You don’t care? You don’t think the term pigeonholes people? You don’t think it reduces millions of people to something as simple as their country of origin, or the country of origin of their ancestors?

You don’t get the difference between ethnicity and skin color? Seriously?

You’re dodging the question.

No, I am not. There are different categories are they not? I am not the one making the claim that black is sufficiently homogenous to be what is commonly referred to as an ethnicity. I think blacks and whites and whatever other shade of skin tone you’d like to reference have many ethnic origins.

My friend Allen is descended from slaves. What’s his ethnic origin? I’ll happily refer to him by his country of origin if anyone can tell me what that is.

Now you’re just trying to embarrass octopus because none of his best friends are Black.

American could suffice. African American if more specificity of region of origin is desired. What precise nation/tribe/ethic group beyond that I’m not sure it matters TBH. There is 23 and me I suppose.

I’m a white (with a decent tan) American and I don’t know nor really care about the countries my distant ancestors resided in. I’m not really sure what I would be classified as if we were trying to narrow the categorization.

Elon Musk is African American. Why can’t we have a term that’s specific to Americans descended from slaves? Not a term that pigeonholes them, or reduces their existance to a single facet. But a term that describes the shared experience of all Americans who suffered for generations based not on their ethnic origins, but solely by the color of their skin?

African-American works for some people, but others prefer Black. I see no problem in honoring that categorization.

Because you are making the assumption that their life history is a function of their skin color. Furthermore, it’s an embarrassing example of US-centric thinking that’s far too prevalent.

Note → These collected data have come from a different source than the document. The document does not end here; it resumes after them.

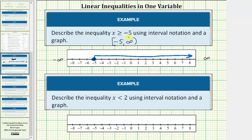Now we have the inequality as a graph and using interval notation. Let's look at a second example. Here we want to describe the inequality x less than two using interval notation and a graph. Let's first graph the interval. Because x is less than two, not less than or equal to two, two is not in the interval. So we make an open circle or open point on two.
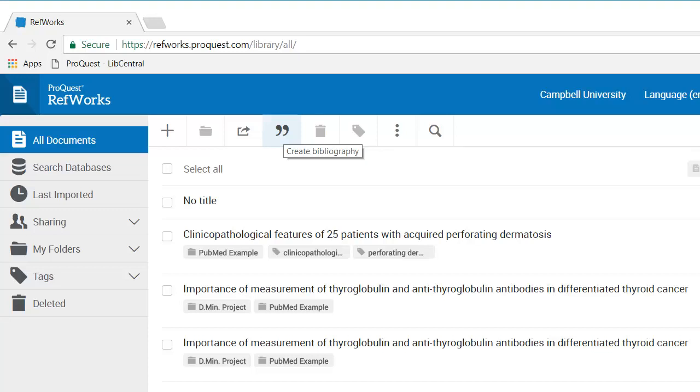To fix this, I have to log into RefWorks and do something specific. What I need to do is create a bibliography in a format of my choice that will then tell Word that I want to use that format. I don't need to do anything with this bibliography. I just need to create it.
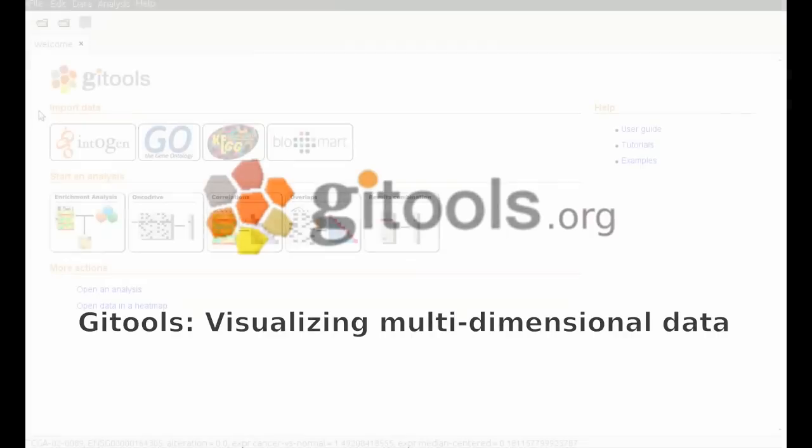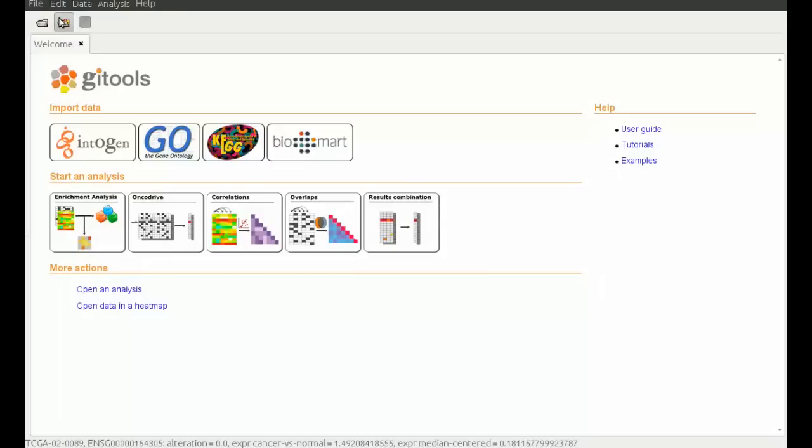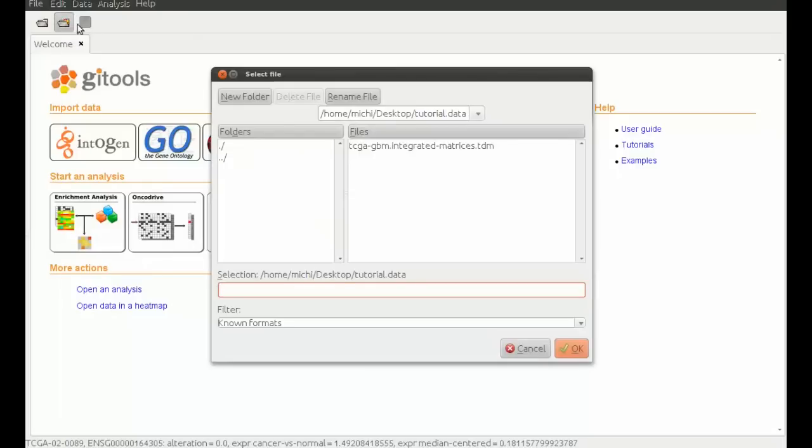Here we have an open instance of ChaiTools. We will select the icon for opening a heatmap from a file. As you can see, the multivalued matrix has the extension TDM.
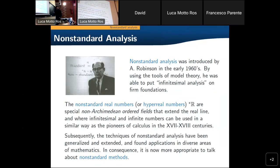Now let me quickly recall what nonstandard analysis is about. Usually nonstandard analysis is used in the context of the hyperreal line and about applications in analysis or measure theory, but here we are interested in applications in combinatorics. So instead of considering the hyperreal line — the nonstandard version of the real numbers — we will consider the nonstandard version of the natural numbers.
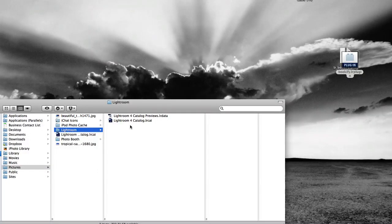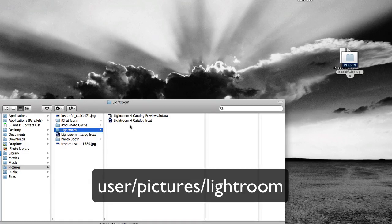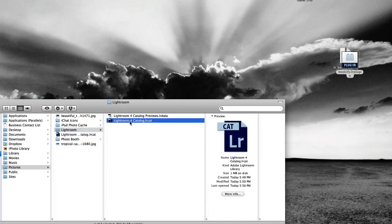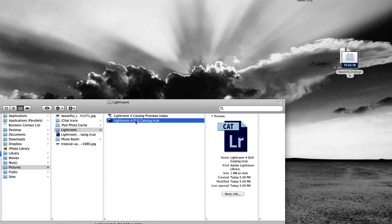To restore a Lightroom backup, let's first assume your main catalog is stored at the default location, and your existing catalog has become corrupted or deleted accidentally. First, rename that main catalog — we'll call it Old Catalog for now.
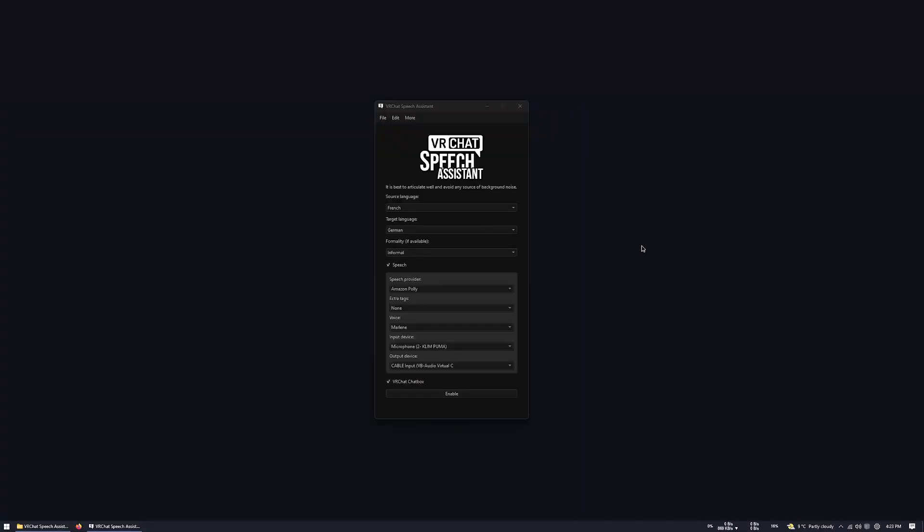I think that's it. If you have any questions, you can contact me in Discord. The Discord is on my GitLab page. Thank you and have a great time in VRChat.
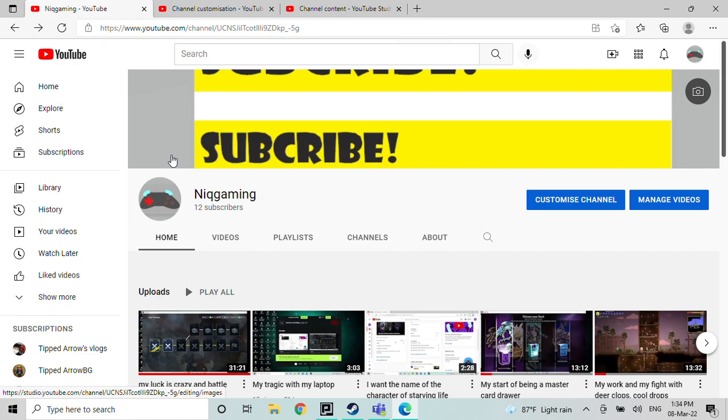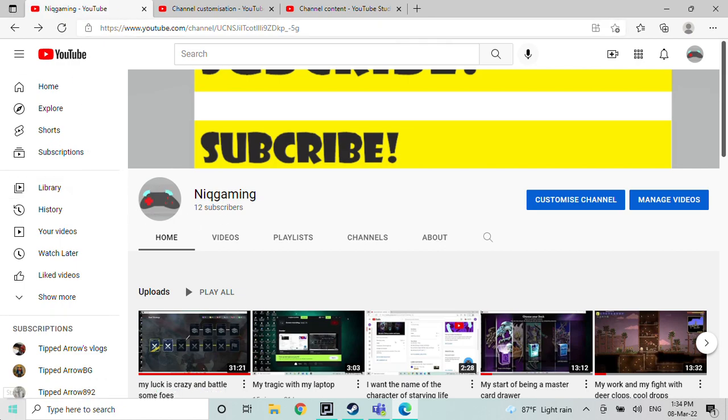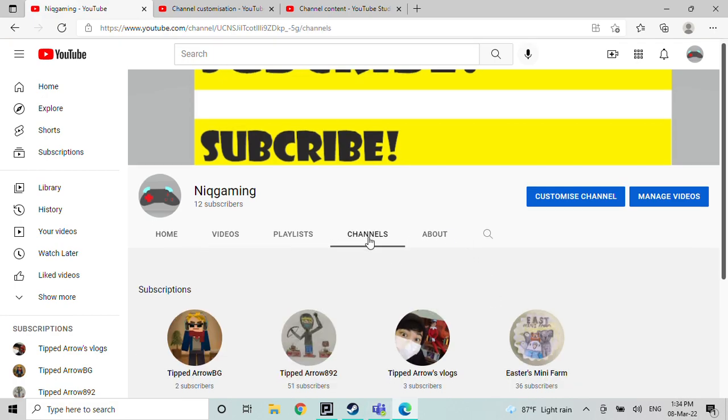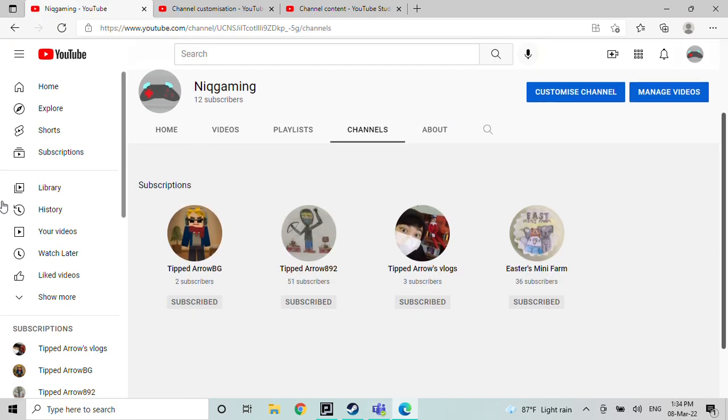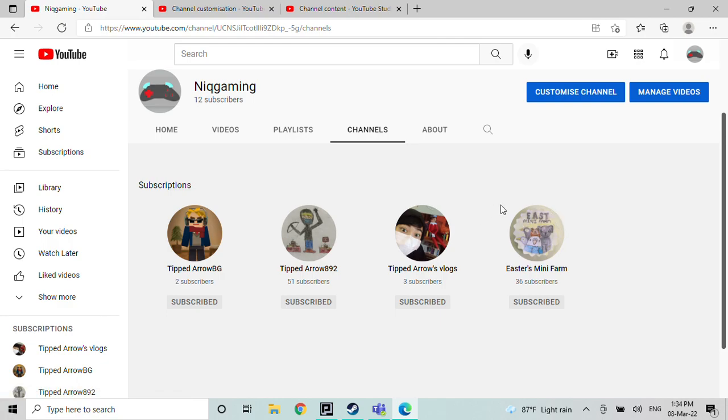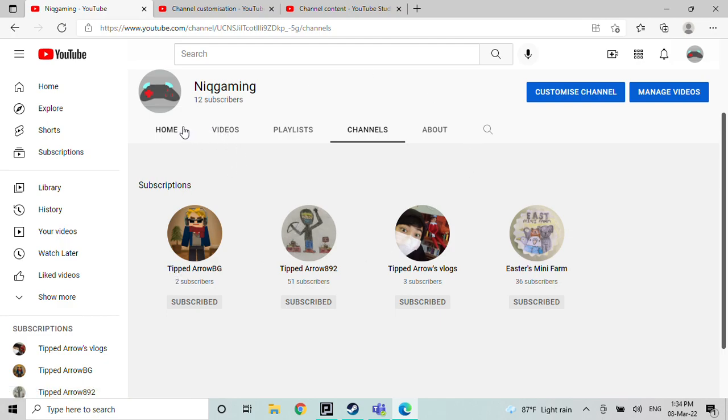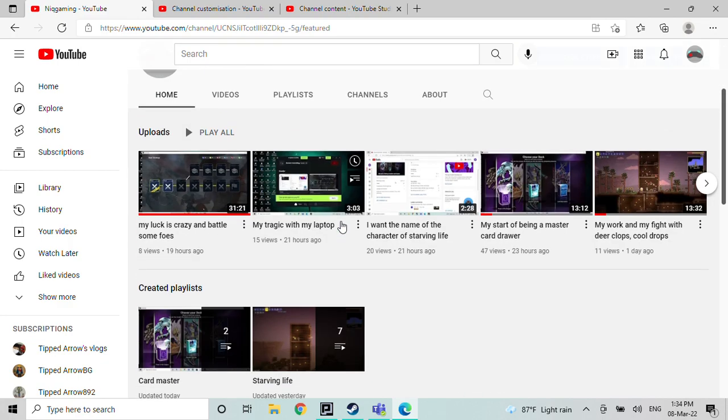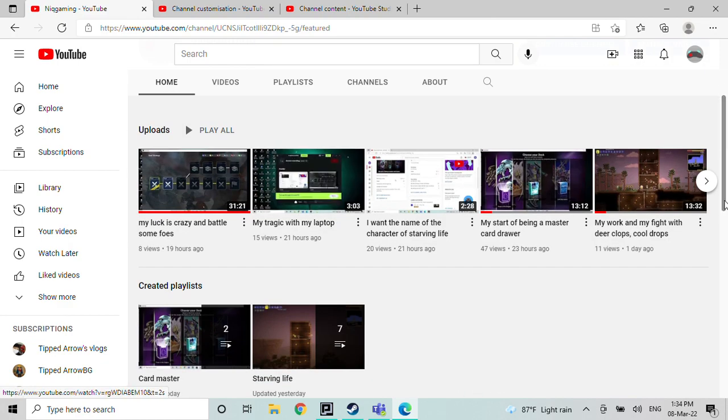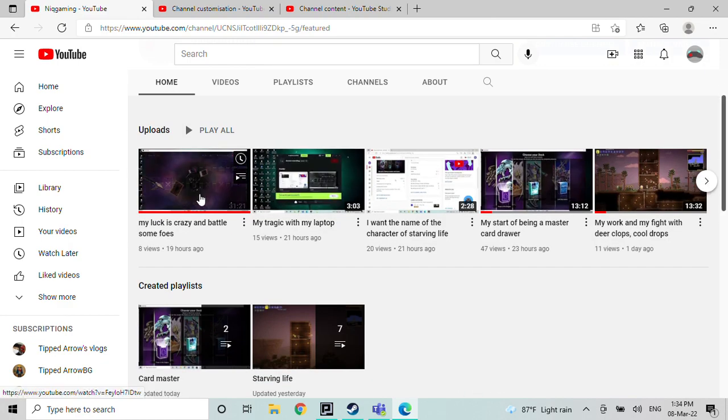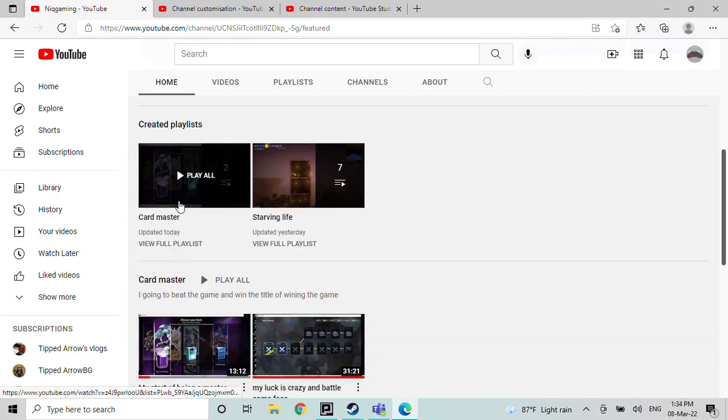Make sure to subscribe to Nick, my channel Nick Gamings. Also, if you go over here to channels, now you can see my friends. This is my friend's channel, my friend's other friend's channel. Yeah, it's pretty confusing. Yeah, you can go to his channel and subscribe.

Not any more than saying that a Chinese-American’s life history is a function of their ethnic background. It’s a term to describe a shared experience that some people find useful. That’s all. Your opposition really just says that you don’t think Black people in America have a shared experience worth categorizing.

If a sloppy standard of may have had an ancestor of similar phenotype that was mistreated is sufficient for the creation of an ethnicity which would appropriately be a proper adjective perhaps woman ought to be capitalized as well.

Let me know when that issue is on the table. Doesn’t seem like anyone’s asking for that right now.

A perfect summation, and proven by what immediately followed:

That’s cringe-inducing, octopus.

It should be cringey to realize that the advocation of a ridiculously inconsistent standard for the purposes of virtue signaling would fail any rational analysis. The timing of the adoption of that stylistic change and the defense of the inconsistency of application should be sufficient to reveal that the stated reason is not the true reason.

Not intentionally, I assure you. It was an honest question, but due to the sensitive nature I chose to put it in the Pit rather than, say, FQ.

I pretty much expected to get flamed, but instead was educated.

Not our fault that the racists who preyed on people for the color of their skin for generations didn’t have better criteria for their bigotry.

Back in the day, if a person was mentioned in a newspaper and they weren’t white, the newspaper would point out their race, e.g. John Smith (colored), Mary Jones (Indian), etc.

I saw a PBS show a while back about the old black newspapers, and they would do things like “President Calvin Coolidge (white)”.

Coloureds like me, for one thing. Nama. San. Arabs. Berbers. Whites. There’s a whole lot of non-Black Africans.

Gosh, a Brown person is being tone policed? Gosh, this never happens…

That’s fucking sarcasm for you, you smug prick.

No “Thank you for the new information”, no “Guess my privileged, insular experience doesn’t actually map to the actual Brown people in the UK”, no, just “you spoke to me a little harshly.” White fragility in action.

@MrDibble I dont think @Riemann was replying to you…

He was quoting @Banquet_Bear

Anyway, my curiosity is satisfied, and I think this thread has run its course. I’ll request thread closure.